Fig. 6: Plasma protein binding of covalent drug candidates using intact protein LC-MS. | Nature Communications

Fig. 6: Plasma protein binding of covalent drug candidates using intact protein LC-MS.

From: Mass spectrometry methods and mathematical PK/PD model for decision tree-guided covalent drug development

Fig. 6

Covalent drugs were incubated with human serum albumin (HSA), the most abundant plasma protein, to test albumin-binding and to provide a go/no go decisions in the covalent discovery workflow. a Raw and deconvoluted (inset) spectra for control HSA (black). b Disulfiram ( + 147 Da) (purple), (c) cisplatin ( + 225 Da) (pink), and (d) ebselen ( + 274 Da) (blue) showed drug-related mass shifts with HSA, which affects their METE in vivo (D5 = No Go).
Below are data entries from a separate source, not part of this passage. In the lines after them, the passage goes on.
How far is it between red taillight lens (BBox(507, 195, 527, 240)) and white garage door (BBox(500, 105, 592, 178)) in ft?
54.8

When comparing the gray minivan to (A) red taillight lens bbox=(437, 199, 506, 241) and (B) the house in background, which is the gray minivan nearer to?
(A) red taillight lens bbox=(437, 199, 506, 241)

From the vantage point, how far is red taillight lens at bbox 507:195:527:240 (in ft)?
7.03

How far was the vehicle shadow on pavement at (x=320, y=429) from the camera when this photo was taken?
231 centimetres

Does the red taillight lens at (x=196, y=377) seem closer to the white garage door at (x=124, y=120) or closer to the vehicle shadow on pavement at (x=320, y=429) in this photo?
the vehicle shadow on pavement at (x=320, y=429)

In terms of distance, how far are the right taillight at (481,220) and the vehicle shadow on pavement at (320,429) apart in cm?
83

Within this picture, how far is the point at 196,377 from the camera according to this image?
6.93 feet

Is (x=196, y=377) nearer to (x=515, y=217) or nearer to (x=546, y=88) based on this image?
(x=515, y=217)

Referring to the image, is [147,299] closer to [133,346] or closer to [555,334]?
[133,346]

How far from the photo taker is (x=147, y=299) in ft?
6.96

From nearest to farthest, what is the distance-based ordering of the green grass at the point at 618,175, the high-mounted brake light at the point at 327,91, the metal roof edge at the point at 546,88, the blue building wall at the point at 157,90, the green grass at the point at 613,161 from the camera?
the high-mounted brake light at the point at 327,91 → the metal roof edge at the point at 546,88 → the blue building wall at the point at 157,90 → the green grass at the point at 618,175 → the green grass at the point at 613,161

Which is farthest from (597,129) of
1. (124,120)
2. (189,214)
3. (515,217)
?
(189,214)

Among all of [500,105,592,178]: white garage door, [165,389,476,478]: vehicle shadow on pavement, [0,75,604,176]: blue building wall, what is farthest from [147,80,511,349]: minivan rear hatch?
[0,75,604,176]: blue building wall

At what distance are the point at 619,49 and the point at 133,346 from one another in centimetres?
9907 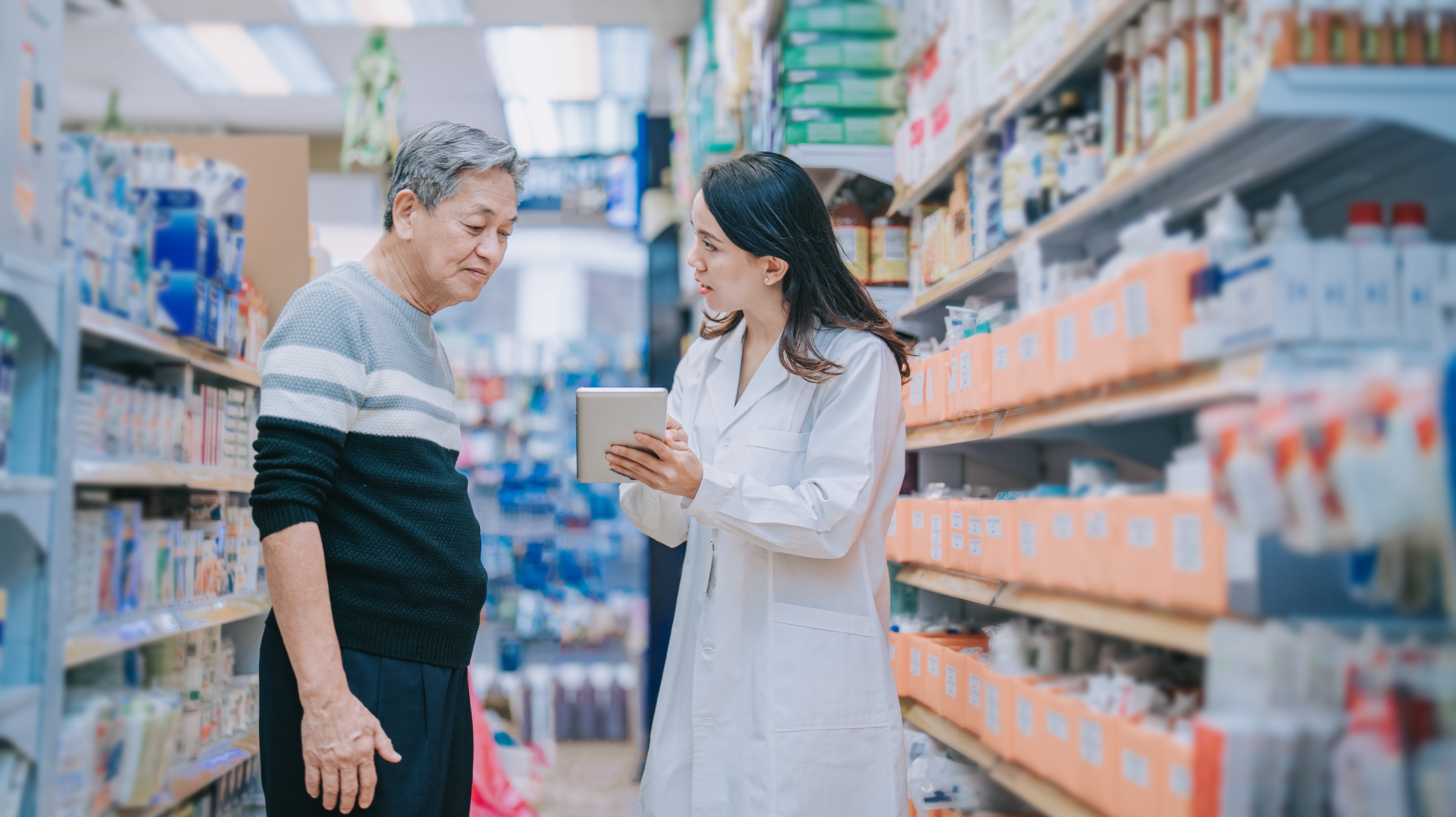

As expected, rationally designed covalent drugs (e) afatinib (green), and (f) ibrutinib (orange), showed minimal binding to HSA. Additionally, (g) sotorasib (dark red) and (h) S-XL6 (red) showed negligible binding to HSA, which with S-XL6 is enabled by the unique ability to reversibly bind off-target lone cysteine residues, while covalently cross-linking closely spaced pairs of cysteines such as SOD1’s. *denotes cysteinylation (average mass: 66564.28 Da), which blocks the binding of cysteine-targeting drugs disulfiram and ebselen, but does not block the binding of cisplatin, presumably due to reaction with additional nucleophilic amino acids. Total ion current is represented as a.u. (arbitrary units).